Cawley, Gillespie & Associates, Inc. is independent with respect to ENXP as provided in the Standards Pertaining to the Estimating and Auditing of Oil and Gas Reserve Information promulgated by the Society of Petroleum Engineers. Neither Cawley, Gillespie & Associates, Inc. nor any of its employees has any interest in the subject properties. Neither the employment to make this study nor the compensation is contingent on the results of our work or the future performance of the subject properties. Cawley, Gillespie and Associates, Inc. is a Texas registered engineering firm, F-693, of professional engineers and geologists serving the oil and gas industry for over fifty years.

This report was prepared for the use of ENXP. This letter should not be used, circulated or quoted for any other purpose without your express written consent and that of Cawley, Gillespie & Associates, Inc. or except as required by law. Our work papers and related data are available for inspection and review by authorized, interested parties.

 

Respectively Submitted,
CAWLEY, GILLESPIE & ASSOCIATES, INC.
Texas Registered Engineering Firm F-693

 

LOGO


APPENDIX

Methods Employed in the Estimation of Reserves

The four methods customarily employed in the estimation of reserves are (1) production performance, (2) material balance, (3) volumetric and (4) analogy. Most estimates, although based primarily on one method, utilize other methods depending on the nature and extent of the data available and the characteristics of the reservoirs.

Basic information includes production, pressure, geological and laboratory data. However, a large variation exists in the quality, quantity and types of information available on individual properties. Operators are generally required by regulatory authorities to file monthly production reports and may be required to measure and report periodically such data as well pressures, gas-oil ratios, well tests, etc. As a general rule, an operator has complete discretion in obtaining and/or making available geological and engineering data. The resulting lack of uniformity in data renders impossible the application of identical methods to all properties, and may result in significant differences in the accuracy and reliability of estimates.

A brief discussion of each method, its basis, data requirements, applicability and generalization as to its relative degree of accuracy follows:

Production performance. This method employs graphical analyses of production data on the premise that all factors which have controlled the performance to date will continue to control and that historical trends can be extrapolated to predict future performance. The only information required is production history. Capacity production can usually be analyzed from graphs of rates versus time or cumulative production. This procedure is referred to as “decline curve” analysis. Both capacity and restricted production can, in some cases, be analyzed from graphs of producing rate relationships of the various production components. Reserve estimates obtained by this method are generally considered to have a relatively high degree of accuracy with the degree of accuracy increasing as production history accumulates.

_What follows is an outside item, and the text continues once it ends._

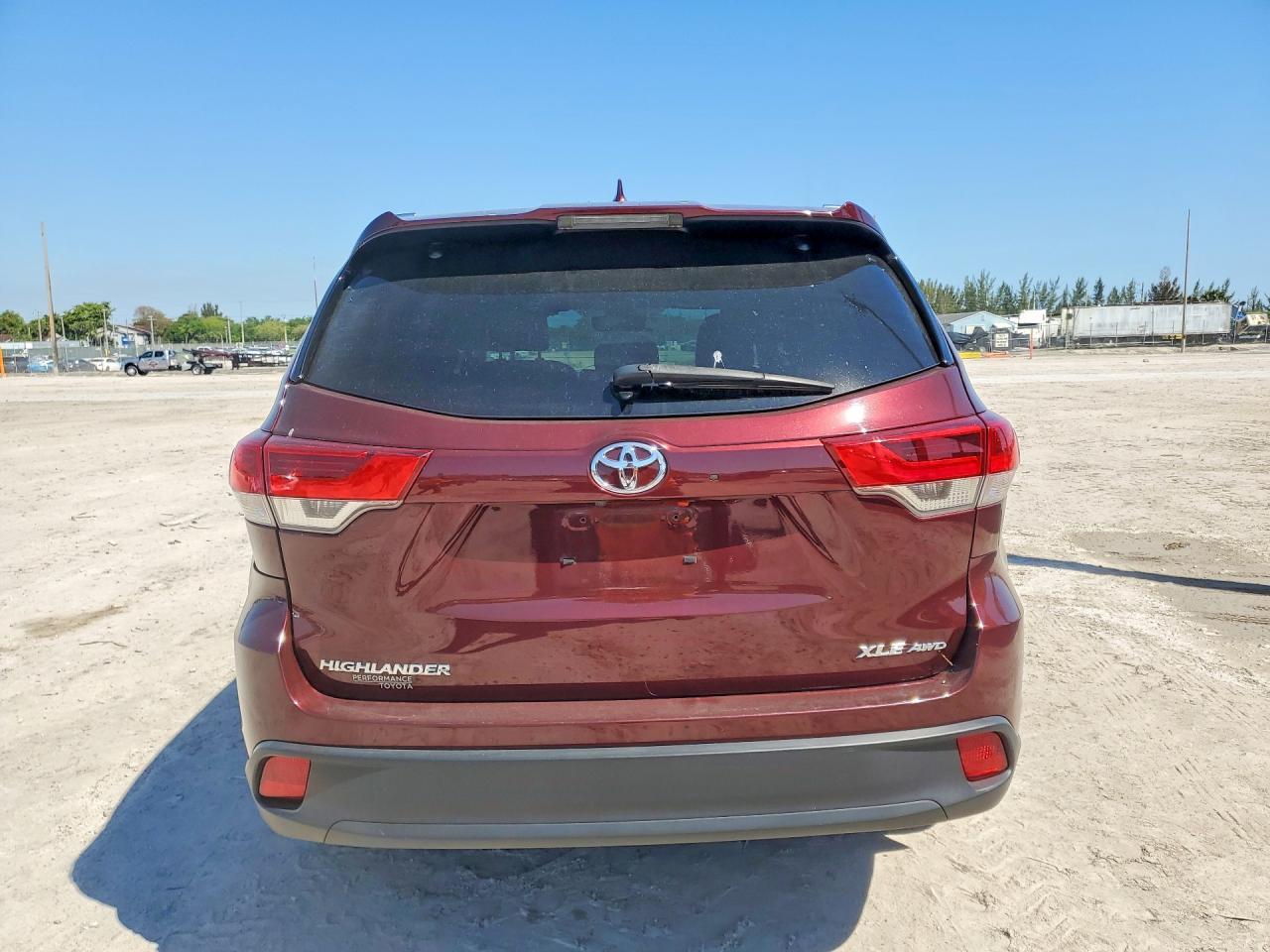 2019 Toyota Highlander Xle - Image 6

Material balance. This method employs the analysis of the relationship of production and pressure performance on the premise that the reservoir volume and its initial hydrocarbon content are fixed and that this initial hydrocarbon volume and recoveries therefrom can be estimated by analyzing changes in pressure with respect to production relationships. This method requires reliable pressure and temperature data, production data, fluid analyses and knowledge of the nature of the reservoir. The material balance method is applicable to all reservoirs, but the time and expense required for its use is dependent on the nature of the reservoir and its fluids. Reserves for depletion type reservoirs can be estimated from graphs of pressures corrected for compressibility versus cumulative production, requiring only data that are usually available. Estimates for other reservoir types require extensive data and involve complex calculations most suited to computer models which makes this method generally applicable only to reservoirs where there is economic justification for its use. Reserve estimates obtained by this method are generally considered to have a degree of accuracy that is directly related to the complexity of the reservoir and the quality and quantity of data available.

Volumetric. This method employs analyses of physical measurements of rock and fluid properties to calculate the volume of hydrocarbons in-place. The data required are well information sufficient to determine reservoir subsurface datum, thickness, storage volume, fluid content and location. The volumetric method is most applicable to reservoirs which are not susceptible to analysis by production performance or material balance methods. These are most commonly newly developed and/or no-pressure depleting reservoirs. The amount of hydrocarbons in-place that can be recovered


is not an integral part of the volumetric calculations but is an estimate inferred by other methods and a knowledge of the nature of the reservoir. Reserve estimates obtained by this method are generally considered to have a low degree of accuracy; but the degree of accuracy can be relatively high where rock quality and subsurface control is good and the nature of the reservoir is uncomplicated.

Analogy. This method which employs experience and judgment to estimate reserves, is based on observations of similar situations and includes consideration of theoretical performance. The analogy method is applicable where the data are insufficient or so inconclusive that reliable reserve estimates cannot be made by other methods. Reserve estimates obtained by this method are generally considered to have a relatively low degree of accuracy.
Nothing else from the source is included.